Наконец Памьят добился успеха: примус сначала тихо, а затем все сильнее и сильнее запыхтел и стал гореть нормально. Начали таять мелкие льдинки, которыми был набит чайник. Чтобы не продрогнуть, пока вскипит чай, нам пришлось бегать около временного лагеря. Конечно, можно было бы поставить палатку, забраться в кукуль — спальный мешок, сшитый из оленьих, собачьих или волчьих шкур, но надо торопиться, чтобы поскорее выполнить порученное нам дело, оно достаточно серьезное.
Чай готов. Обжигаясь, торопливо глотаем его. Часовой отдых окончился. Подняли собак и пошли дальше. [30] Собаки после отдыха побежали лучше. Солнечная заря исчезла. Курс лежал на маленькое темное пятно берега на горизонте. Временами оно скрывалось за торосами. Шли, ориентируясь по компасу. Ветра почти не было. Тишину нарушало лишь дыхание людей и собак, скрип полозьев по льду.
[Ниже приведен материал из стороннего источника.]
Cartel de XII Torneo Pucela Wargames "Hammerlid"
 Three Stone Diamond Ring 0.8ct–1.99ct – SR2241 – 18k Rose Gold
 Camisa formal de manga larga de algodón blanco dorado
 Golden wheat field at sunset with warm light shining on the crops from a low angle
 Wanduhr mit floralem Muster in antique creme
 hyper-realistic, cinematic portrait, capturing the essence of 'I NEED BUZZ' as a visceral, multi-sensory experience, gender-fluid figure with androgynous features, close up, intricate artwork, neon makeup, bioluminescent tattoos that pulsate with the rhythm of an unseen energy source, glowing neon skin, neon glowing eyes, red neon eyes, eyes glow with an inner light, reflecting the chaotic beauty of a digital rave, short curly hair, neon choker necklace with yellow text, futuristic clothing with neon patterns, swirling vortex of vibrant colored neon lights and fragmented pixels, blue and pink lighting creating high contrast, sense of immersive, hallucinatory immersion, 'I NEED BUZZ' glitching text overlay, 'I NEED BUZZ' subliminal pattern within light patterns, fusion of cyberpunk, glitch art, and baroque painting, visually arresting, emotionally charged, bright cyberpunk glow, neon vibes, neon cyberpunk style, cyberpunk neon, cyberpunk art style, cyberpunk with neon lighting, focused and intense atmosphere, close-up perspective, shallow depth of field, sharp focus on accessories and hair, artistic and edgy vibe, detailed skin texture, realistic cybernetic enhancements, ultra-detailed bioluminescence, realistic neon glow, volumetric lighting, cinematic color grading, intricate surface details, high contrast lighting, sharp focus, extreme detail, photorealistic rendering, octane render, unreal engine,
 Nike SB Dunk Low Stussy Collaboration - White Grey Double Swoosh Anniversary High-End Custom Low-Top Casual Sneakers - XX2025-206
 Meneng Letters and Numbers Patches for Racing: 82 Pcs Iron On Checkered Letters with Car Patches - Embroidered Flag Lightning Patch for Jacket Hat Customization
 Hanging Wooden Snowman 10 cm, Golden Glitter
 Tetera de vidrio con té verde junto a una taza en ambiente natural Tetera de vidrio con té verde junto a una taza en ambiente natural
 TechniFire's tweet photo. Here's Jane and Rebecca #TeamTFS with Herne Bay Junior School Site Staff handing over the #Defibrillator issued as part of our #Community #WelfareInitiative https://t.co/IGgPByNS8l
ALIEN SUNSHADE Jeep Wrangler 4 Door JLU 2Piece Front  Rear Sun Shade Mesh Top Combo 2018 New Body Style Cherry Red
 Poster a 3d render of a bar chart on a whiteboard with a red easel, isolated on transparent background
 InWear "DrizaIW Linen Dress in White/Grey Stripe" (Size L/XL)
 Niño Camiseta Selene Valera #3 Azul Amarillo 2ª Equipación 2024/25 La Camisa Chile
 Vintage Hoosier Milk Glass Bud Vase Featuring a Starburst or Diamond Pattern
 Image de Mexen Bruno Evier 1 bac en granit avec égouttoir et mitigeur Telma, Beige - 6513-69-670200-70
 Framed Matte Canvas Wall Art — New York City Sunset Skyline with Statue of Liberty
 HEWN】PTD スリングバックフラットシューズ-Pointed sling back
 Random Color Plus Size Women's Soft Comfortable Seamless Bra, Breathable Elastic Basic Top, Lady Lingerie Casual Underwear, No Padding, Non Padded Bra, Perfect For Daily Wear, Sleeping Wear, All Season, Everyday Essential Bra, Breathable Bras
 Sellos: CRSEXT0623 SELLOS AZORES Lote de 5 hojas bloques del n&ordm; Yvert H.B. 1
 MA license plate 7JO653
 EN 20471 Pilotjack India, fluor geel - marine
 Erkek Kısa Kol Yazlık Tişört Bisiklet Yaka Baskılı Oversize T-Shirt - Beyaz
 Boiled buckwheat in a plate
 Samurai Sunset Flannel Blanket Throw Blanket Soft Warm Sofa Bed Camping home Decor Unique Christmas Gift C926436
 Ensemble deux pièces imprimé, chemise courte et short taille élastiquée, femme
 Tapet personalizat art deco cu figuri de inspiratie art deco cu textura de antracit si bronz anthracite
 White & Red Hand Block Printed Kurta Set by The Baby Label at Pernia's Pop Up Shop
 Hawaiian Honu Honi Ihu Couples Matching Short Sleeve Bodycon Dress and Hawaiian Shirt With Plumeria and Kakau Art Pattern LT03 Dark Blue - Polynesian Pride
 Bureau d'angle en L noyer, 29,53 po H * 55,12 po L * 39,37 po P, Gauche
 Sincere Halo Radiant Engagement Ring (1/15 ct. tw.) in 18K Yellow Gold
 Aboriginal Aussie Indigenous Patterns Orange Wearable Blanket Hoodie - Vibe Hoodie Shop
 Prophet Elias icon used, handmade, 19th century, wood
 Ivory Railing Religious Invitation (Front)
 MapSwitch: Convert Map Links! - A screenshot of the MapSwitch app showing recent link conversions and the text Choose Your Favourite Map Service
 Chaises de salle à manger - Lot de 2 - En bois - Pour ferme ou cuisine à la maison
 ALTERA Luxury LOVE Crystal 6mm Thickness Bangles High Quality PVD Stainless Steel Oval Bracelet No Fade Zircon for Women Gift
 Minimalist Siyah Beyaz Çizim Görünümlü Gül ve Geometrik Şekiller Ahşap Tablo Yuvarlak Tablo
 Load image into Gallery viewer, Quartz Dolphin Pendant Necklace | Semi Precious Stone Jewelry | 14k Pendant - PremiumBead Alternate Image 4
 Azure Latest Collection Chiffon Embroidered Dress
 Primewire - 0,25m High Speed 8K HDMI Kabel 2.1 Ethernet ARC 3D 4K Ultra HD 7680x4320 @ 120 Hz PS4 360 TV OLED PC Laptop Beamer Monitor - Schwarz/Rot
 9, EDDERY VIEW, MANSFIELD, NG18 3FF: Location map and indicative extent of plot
Ярко разгорелись звезды, и стало будто светлее. Мы молча шли вперед. Берег стал ближе, но туманная дымка неожиданно закрыла его. Прошло еще пять часов беспрерывного движения, все мы снова взмокли.
Легкая дымка морозного тумана рассеялась, и перед нами открылся берег. У всех под белыми, пушистыми от инея бровями и ресницами радостно заискрились глаза. Ускорили шаг, поднялись на невысокий берег, остановились. Вверху иссиня-черное, усеянное бесчислеными звездами небо, внизу гладкая белая поверхность бесконечной снежной тундры, Собаки терлись заиндевевшими мордами о снег, стараясь содрать ледяную корочку, образовавшуюся от дыханий на носу и вокруг глаз.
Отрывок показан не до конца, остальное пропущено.